Я предположил бы связь между этим переживанием и написанием «Искупления». Связь, конечно, не прямая. Но здесь, как мне представляется, антисемитская кампания выступает в качестве триггера, а в качестве травмы – комплекс переживаний наблюдательного подростка во времена известных антисемитских кампаний в СССР 1948–1953 годов (их тень есть и в «Зиме 53-го года»).
То, что писал Горенштейн в Москве, не было антисоветским, но было настолько чужим эстетически (без «нормы» чего-то обязательно дурно пахнущего), что опубликованным стать никак не могло. Горенштейн понимал это. Но подлаживаться не мог. Он несколько раз в жизни находил свои непосредственные асимметричные творческие ответы на политические события. После вторжения войск стран-участников Варшавского договора в Чехословакию он написал эссе «Мой Чехов осени и зимы 1968 года», после разрыва отношений СССР с Израилем – повесть «Искупление», а после войны Судного дня в 1973 году и антисемитской кампании в СССР у него родились и были воплощены замыслы романа «Псалом», пьес «Бердичев» и «Споры о Достоевском» и документальной повести «Дрезденские страсти». Никто из сверстников не позволил себе реагировать на названные события даже текстами «в стол», ни у кого из них не возникло импульса даже помыслить в эту сторону.
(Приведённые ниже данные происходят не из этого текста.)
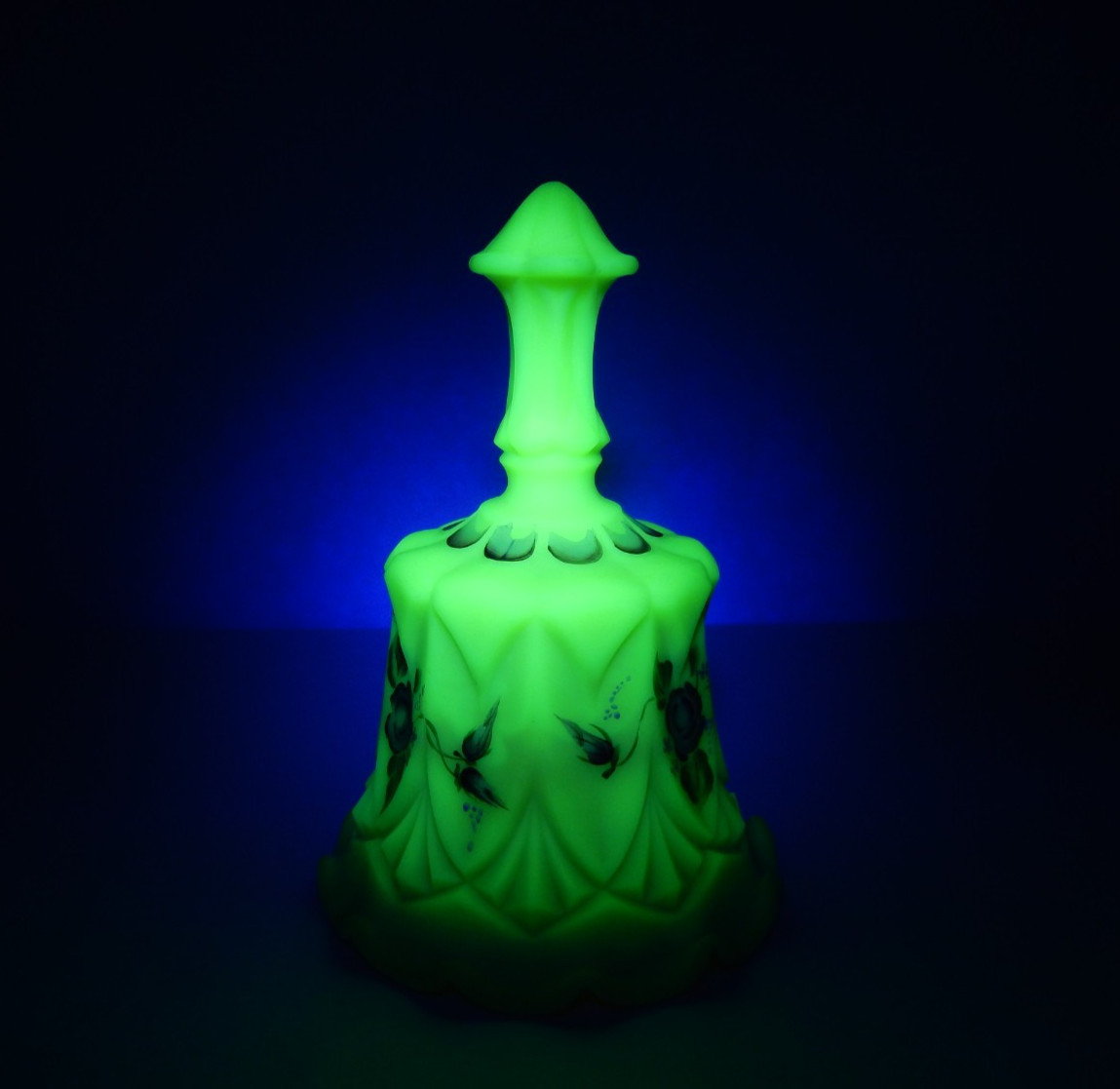 FENTON BURMESE URANIUM GLASS WHITTON ROSE BELL HAND PAINTED L. EVERSON NEAR MINT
Пожалуй, только у Аксёнова, очень травмированного вторжением в Чехословакию (Алексей Герман рассказывал, как рыдал Аксёнов, узнав о вторжении), написался в 1968 году рассказ «Рандеву». Остальное – куда позднее, когда «замыслил побег»…
Было бы, конечно, примитивизацией видеть в этом прямые «ответы» Горенштейна: это было следование подсознательным творческим импульсам, сохранением себя, спасением своей души.
Горенштейну тогда важно было писать, написать не откладывая, вовремя. Это ясно из его мыслей вслух о судьбе Юрия Трифонова в его первом интервью на Западе Анатолию Гладилину в 1982 году.
Написать было важно, а вот с публикацией Горенштейн был готов ждать. Не давал он свои произведения и в самиздат.
Он понимал, что если распространять их нелегально, то его запросто могли бы посадить в психушку, как это проделали в те годы с Валерием Тарсисом и Владимиром Максимовым. Достаточно вспомнить похожие на донос характеристики из немногочисленных обсуждений («Новый мир», «Метрополь»). Даже при как бы доброжелательном обсуждении на «Мосфильме» Мальцев публично заявлял, что Горенштейн, по его убеждению, шизофреник. Василий Аксёнов решился пустить по кругу роман «Ожог», обозначив на машинописной копии издательство как ВАСИЗДАТ, только когда окончательно решил эмигрировать.
Из интервью Горенштейна Ирине Щербаковой в 1991 году.
В аудиозаписи разговора Горенштейн в этом месте произносит и слово «самиздат».
Для него было важно написать свои фундаментальные книги, такие как «Псалом» и «Место». И он категорически не желал, чтобы что-либо мешало его трудам, прерывало их.